44 Eighth, his Honour discussed in detail the three notices to admit facts filed by Mr Reaper in July 2016. His Honour concluded that the documents described in the 22 July 2016 notice to admit did not provide any foundation for the assertions Mr Reaper had made, and rejected Mr Reaper's contention that any alleged admission said to be founded by Baycorp's admission of the authenticity of the documents was "fresh evidence". Examining comments of Davies J in Reaper v Baycorp Collections [2016] FCA 579 at [18] it is clear why the primary Judge was satisfied that her Honour's comments had "full force and effect to the facts of" the application before him.

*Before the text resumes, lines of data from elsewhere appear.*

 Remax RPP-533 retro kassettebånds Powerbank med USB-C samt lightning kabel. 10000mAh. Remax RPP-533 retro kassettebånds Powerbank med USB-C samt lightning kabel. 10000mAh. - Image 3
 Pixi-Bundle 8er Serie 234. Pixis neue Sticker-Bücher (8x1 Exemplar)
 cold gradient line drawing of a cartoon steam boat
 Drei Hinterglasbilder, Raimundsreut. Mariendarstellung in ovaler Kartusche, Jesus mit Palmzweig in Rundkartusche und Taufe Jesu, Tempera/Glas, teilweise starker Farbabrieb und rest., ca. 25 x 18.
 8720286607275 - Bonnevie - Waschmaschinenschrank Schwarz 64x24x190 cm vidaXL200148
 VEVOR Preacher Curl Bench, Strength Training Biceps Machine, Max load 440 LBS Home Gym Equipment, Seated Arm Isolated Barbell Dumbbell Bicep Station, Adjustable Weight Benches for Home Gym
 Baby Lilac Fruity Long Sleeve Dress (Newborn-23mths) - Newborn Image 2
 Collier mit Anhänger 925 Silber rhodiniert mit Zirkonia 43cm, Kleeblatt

45 Ninth, it is, with respect to Mr Reaper, somewhat embarrassing that he should have accused the primary judge of "re-raising matters previously dealt with" and causing "the parties to reagitate the same matters". I note that the long and protracted history of litigation between Mr Reaper, Baycorp and Mr Vrsecky set out in the judgments of Pagone J and Davies J appears substantially to have been at the instigation of Mr Reaper. Indeed as his Honour observed, substantive matters before him had either been before other Courts (for example, the "deemed admissions" claim and Mr Reaper's claim that his bankruptcy should be annulled) or were due to go before another Judge of the Federal Circuit Court (for example, Mr Reaper's claim that he had a counter-claim in respect of the judgment debt founding the bankruptcy). To the extent that his Honour was required to consider such matters, it is reasonable to say that any fault lies largely at the feet of Mr Reaper.

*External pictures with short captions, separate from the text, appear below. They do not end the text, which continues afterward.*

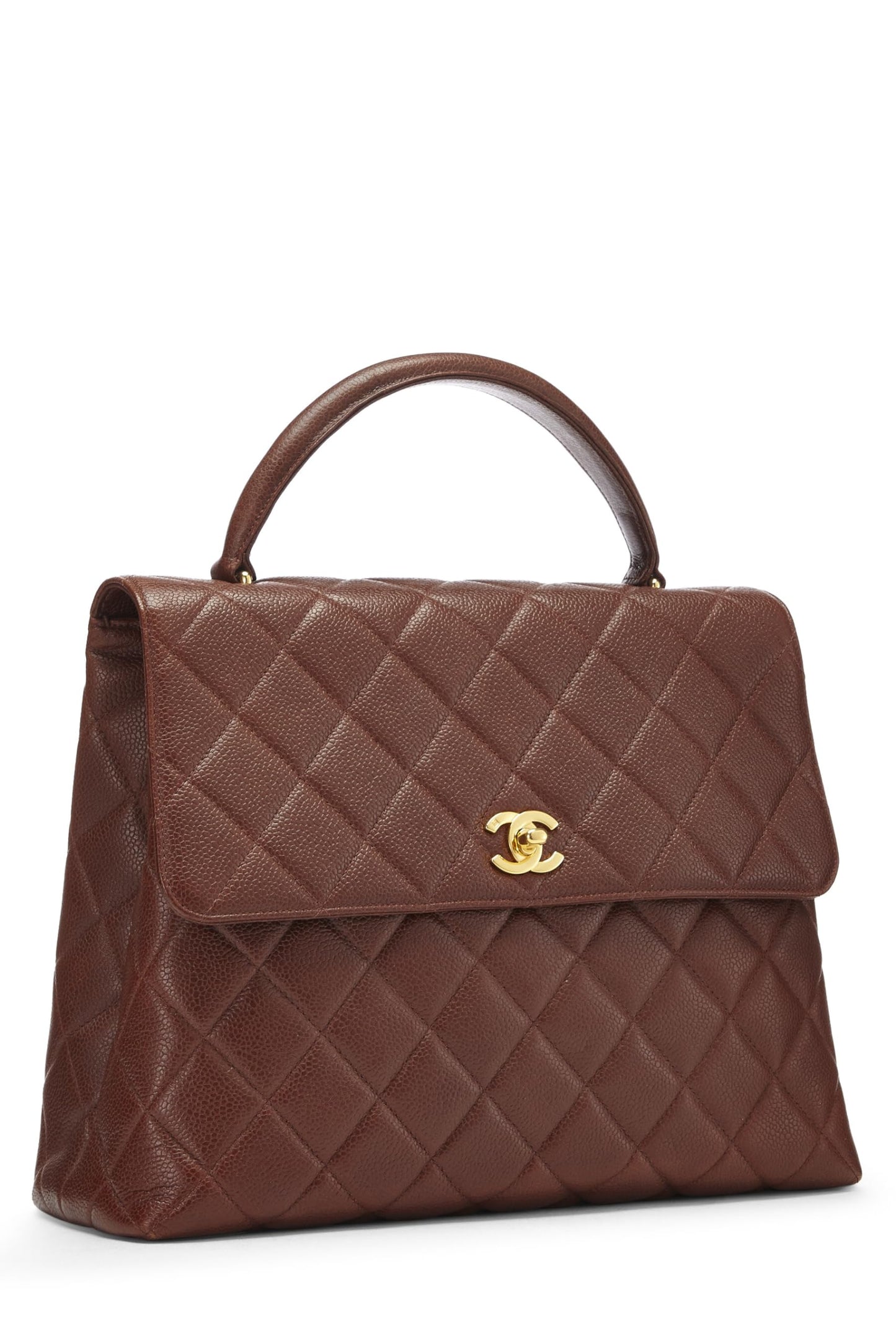 Chanel,  Brown Quilted Caviar Kelly, Brown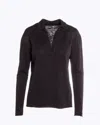 Elliott Lauren Women's Long Sleeve Polo Tee In Black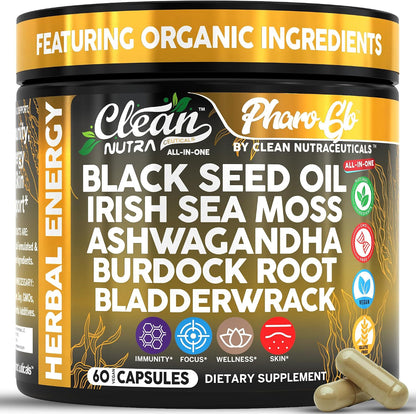 Clean Nutra Black Seed Oil Capsules + Sea Moss Ashwagandha Burdock Root Bladderwrack Seaweed Skin Detox Stress Relief Immune Support Focus Supplement Nigella Sativa 60 Pills
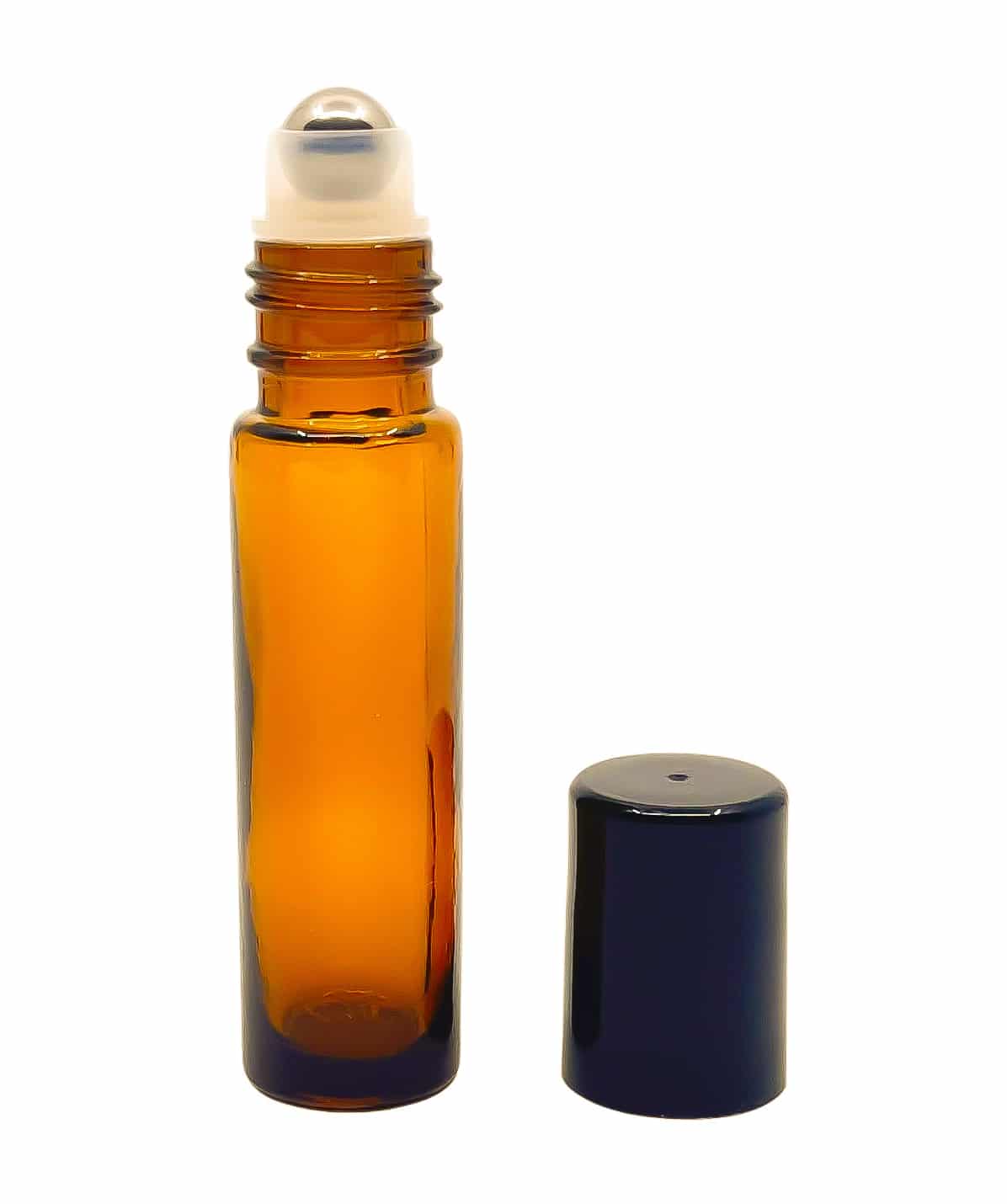 Glassflaske brun 10 ml ROLL ON m/ svart kapsel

46 Tenth, in the circumstances where there has been long and protracted litigation between the parties, it was open to the primary Judge to find that Mr Reaper's purpose in requesting the Court to require the trustee to adjudicate upon Baycorp's proof of debt was a tactic to exhaust the trustee's willingness to pursue the trustee's rights against Mr Reaper, and to further exhaust the trustee's funds. I accept that his Honour was entitled to take into account Mr Reaper's conduct in considering the exercise of the judicial discretion to refuse to stay Judge Burchardt's orders. In any event, it is somewhat surprising that, in his submissions, Mr Reaper criticised the manner in which Honour dealt with this aspect of the case. Mr Reaper's claim for adjudication, investigation and verification of the petitioning creditor's debt was the subject of paragraph 2 of his Honour's orders, in respect of which Mr Reaper has specifically not sought leave to appeal.